• What the task requires: All entries below are to be written out again exactly, but no picture is to be copied.

• Records to use:
━━━━━━━━━━━━━━━━━━━━
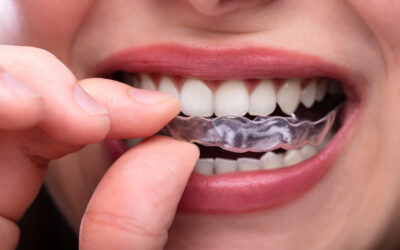 Clear Aligners vs. Traditional Braces: Which Is Right For You?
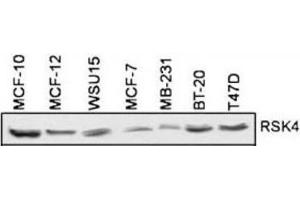 Western Blotting (WB) image for anti-Ribosomal Protein S6 Kinase, 90kDa, Polypeptide 6 (RPS6KA6) antibody (ABIN5023859) (RPS6KA6 抗体)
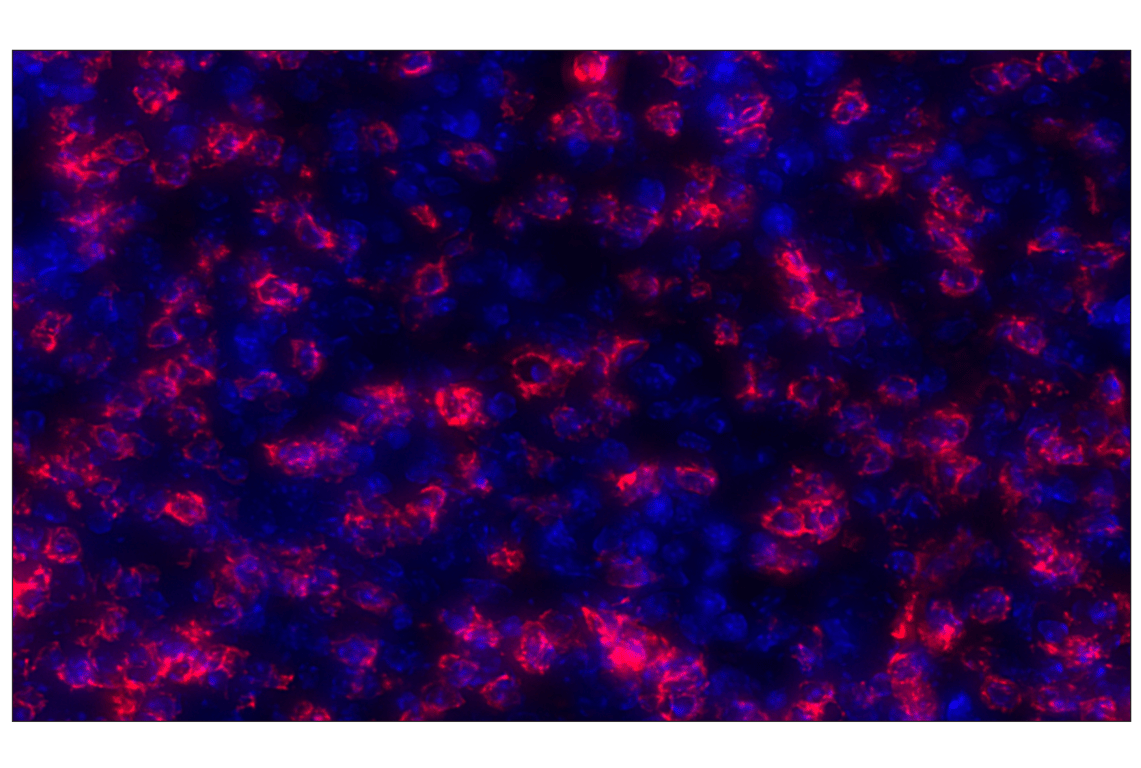 Immunohistochemistry Image 1: CD20 (E3N7O) XP<sup>®</sup> Rabbit mAb (Alexa Fluor<sup>®</sup> 647 Conjugate)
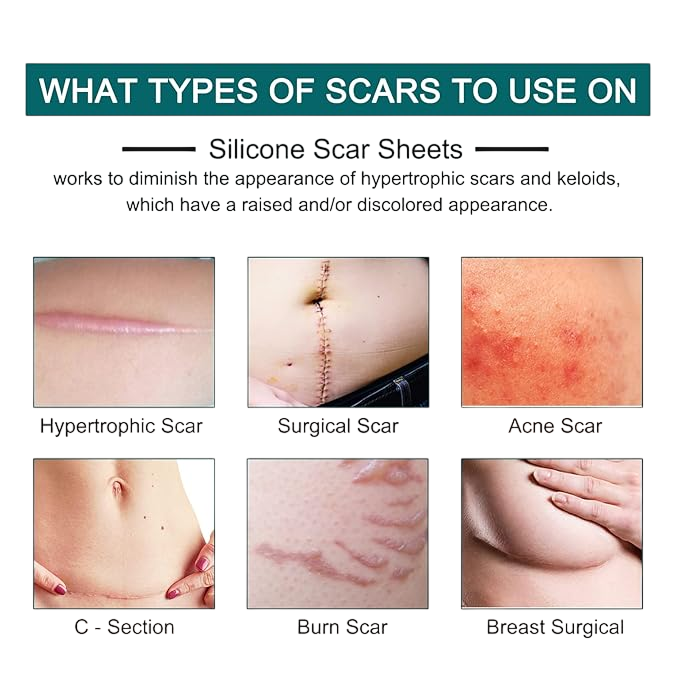 rollo de cinta de silicona para cicatrices (1.5 metros)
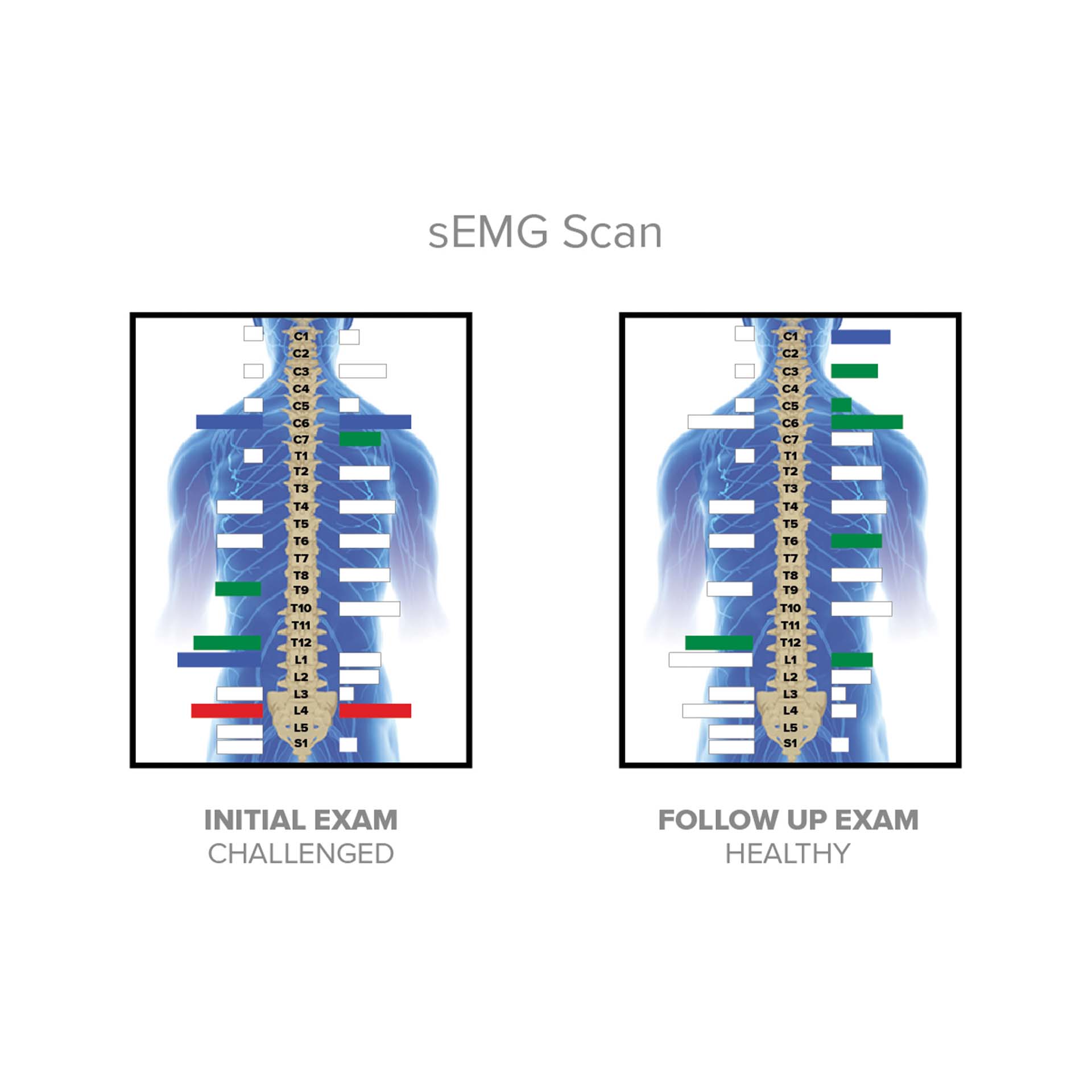 INSiGHT neuroCORE (sEMG)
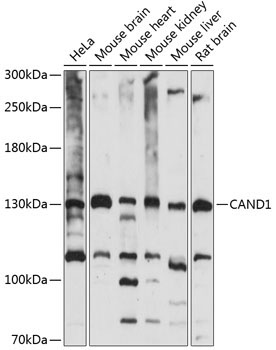 CAND1 Rabbit Polyclonal Antibody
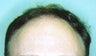 44 year old male patient 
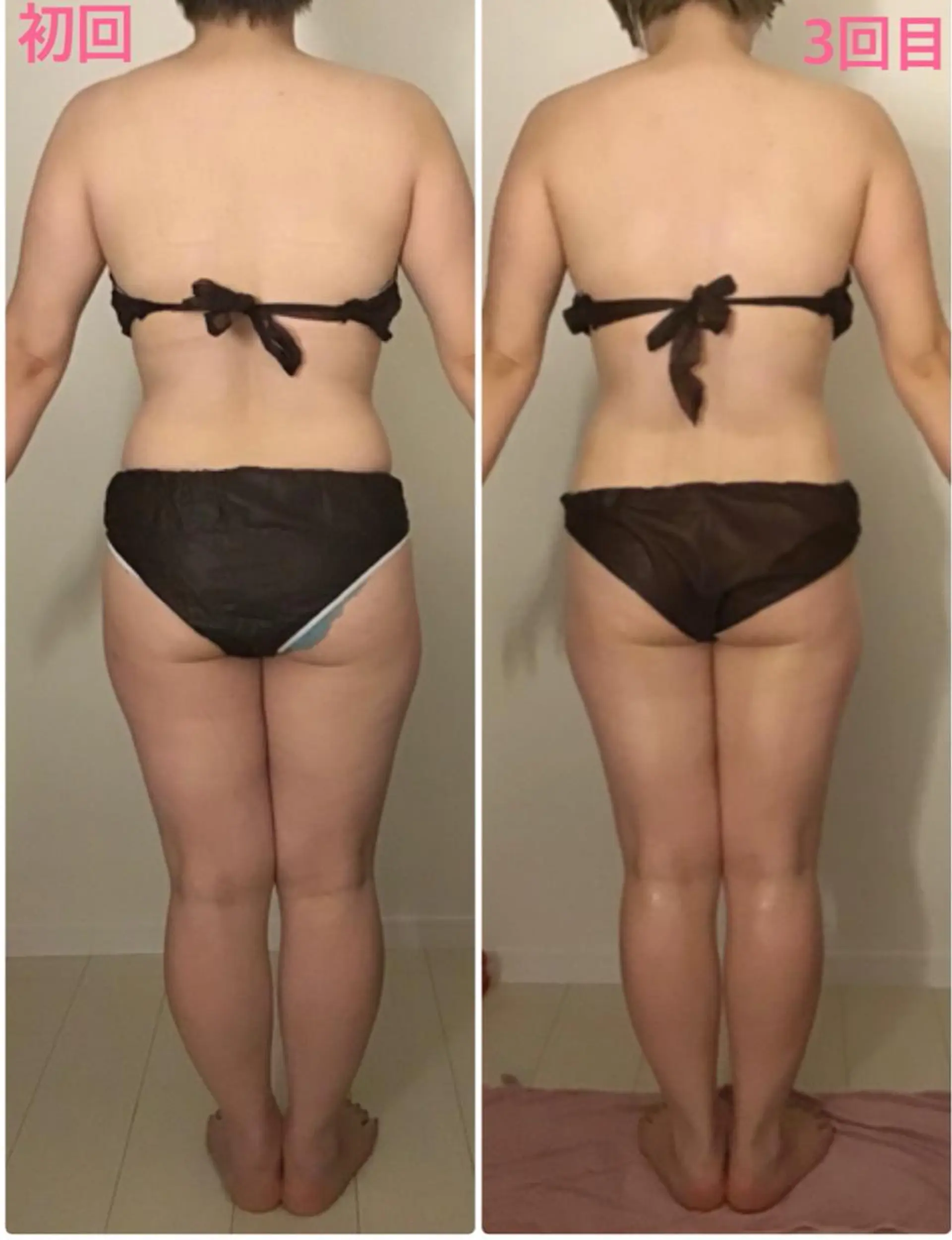 BELLEFINE 💕痩身・小顔・脱毛のエステ・リラクイメージ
━━━━━━━━━━━━━━━━━━━━
• Response below:
 Clear Aligners vs. Traditional Braces: Which Is Right For You?
 Western Blotting (WB) image for anti-Ribosomal Protein S6 Kinase, 90kDa, Polypeptide 6 (RPS6KA6) antibody (ABIN5023859) (RPS6KA6 抗体)
 Immunohistochemistry Image 1: CD20 (E3N7O) XP<sup>®</sup> Rabbit mAb (Alexa Fluor<sup>®</sup> 647 Conjugate)
 rollo de cinta de silicona para cicatrices (1.5 metros)
 INSiGHT neuroCORE (sEMG)
 CAND1 Rabbit Polyclonal Antibody
 44 year old male patient 
 BELLEFINE 💕痩身・小顔・脱毛のエステ・リラクイメージ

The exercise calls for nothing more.